🧰 CSS Expert

Design Systems

⏱ 1 hr2 topicsLive playground
🎯 By the end: You can explain design tokens and reusable components, and set up a small token system with CSS variables that keeps a project consistent.

Look at any big product — a bank app, a Google service — and notice how every button, every spacing, every shade of blue feels part of one family. That consistency isn't luck; it comes from a design system: a shared set of rules and reusable pieces. You already have the tools to build a small one, and it's the natural endpoint of everything in this course.

1Design tokens — your single source of truth

Design tokens are the named, reusable values of your design — colours, spacing, font sizes, radii, shadows. You met the mechanism already: CSS custom properties. A design system simply means deciding these once and using them everywhere, never hard-coding a stray value.

:root {
  /* colour tokens */
  --color-brand: #FF6B00;
  --color-ink: #0F1B2D;
  /* spacing scale */
  --space-1: 4px;
  --space-2: 8px;
  --space-3: 16px;
  /* shape */
  --radius: 10px;
}

A spacing scale like this (4, 8, 16, 24, 32…) is a quiet superpower: when every margin and padding comes from the same scale, your whole layout feels rhythmic and intentional instead of slightly-off everywhere.
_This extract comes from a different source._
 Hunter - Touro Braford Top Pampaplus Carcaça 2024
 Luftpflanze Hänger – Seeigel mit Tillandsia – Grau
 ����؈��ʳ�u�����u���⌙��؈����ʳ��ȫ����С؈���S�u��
Components built from tokens
HTML
CSS
Live preview
What's happening: All three components pull from the same tokens (--brand, --space-3, --radius). Change a token once at the top and every component updates together — that consistency IS a design system.
Key points
  • Design tokens are named reusable values (colours, spacing, radii) — built with CSS variables.
  • Decide values once on :root and reuse via var() — never hard-code stray values.
  • A consistent spacing scale (4/8/16/24…) makes layouts feel rhythmic and intentional.
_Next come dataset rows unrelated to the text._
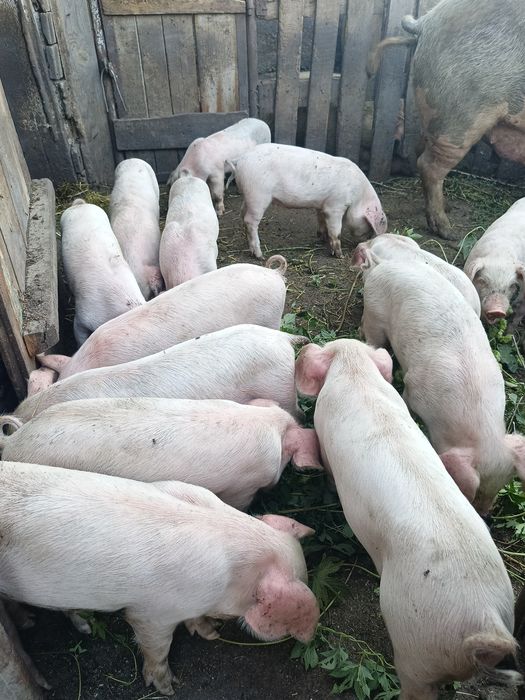 Продам поросят 1,5месяц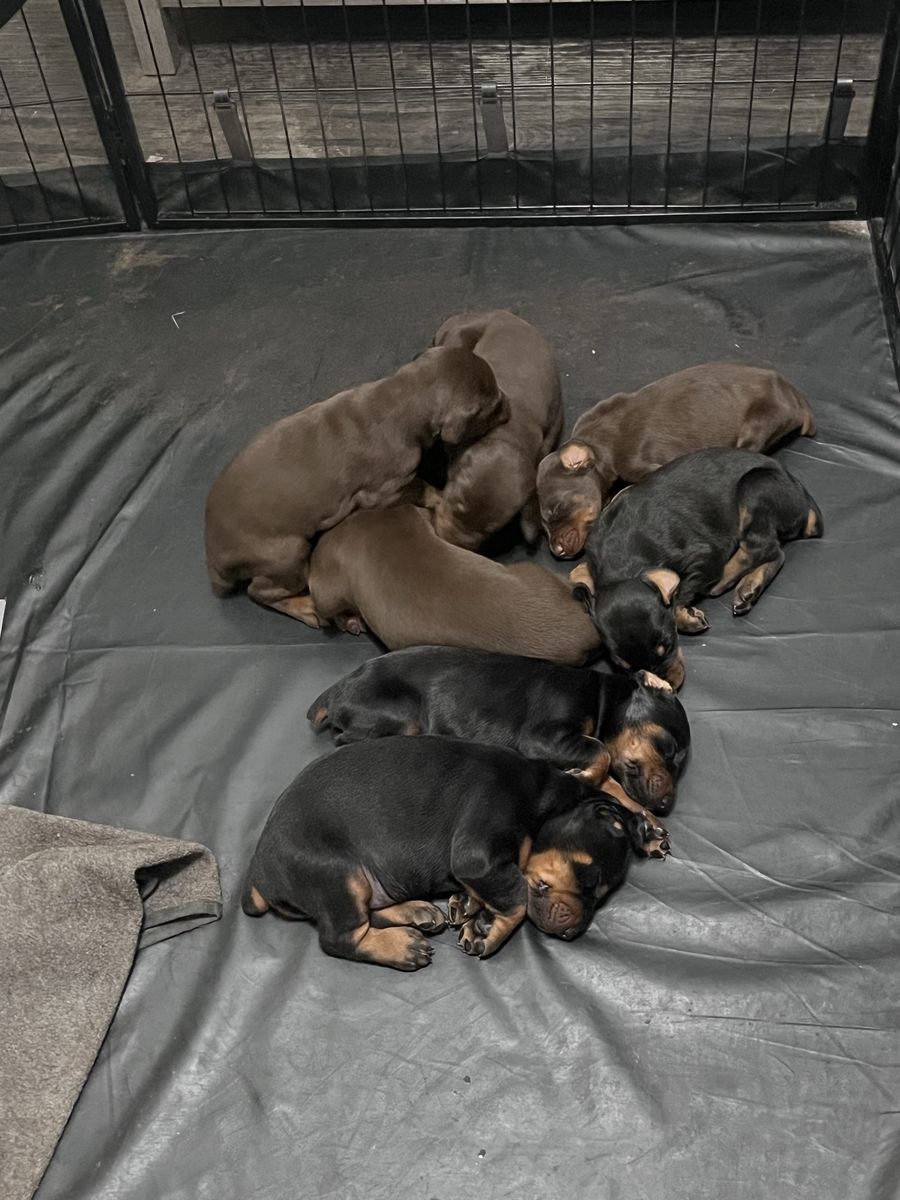 Doberman Puppies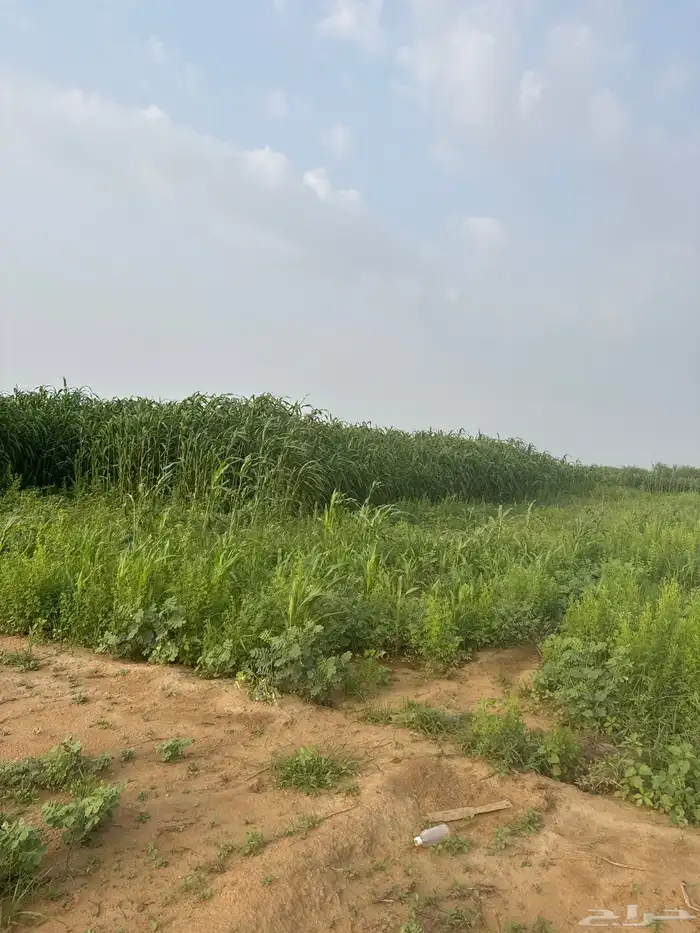 قصب 0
2Reusable components and consistency

The second half of a design system is components: reusable, named pieces — a button, a card, an input — built once (with BEM-style classes from the last lesson) and reused everywhere. Together, tokens and components give you:

  • Consistency — every button looks and behaves the same, because it's the same button.
  • Speed — you assemble pages from ready-made parts instead of restyling from scratch.
  • Easy change — update the button component or a token once, and the whole product follows.
Big teams formalise this with tools (Figma libraries, Storybook, frameworks). But the idea is exactly what you can already do: tokens in :root, components as well-named classes. Start there and you're thinking like a professional.
Even on a solo project, a tiny design system pays off fast. Spend ten minutes defining your tokens and a handful of components first, and the rest of the build goes quicker and looks more polished.
Key points
  • Components are reusable named pieces (button, card, input) built once and reused.
  • Tokens + components give consistency, speed, and one-place updates.
  • You can build a small design system today with :root tokens and BEM-named component classes.

★ Practical: a mini design system

In any playground:

  1. Define tokens on :root: a brand colour, a spacing scale (at least 3 steps), and a radius.
  2. Build a .btn component that uses those tokens.
  3. Build a second component (e.g. a .card) that reuses the same tokens.
  4. Change one token and confirm both components update together.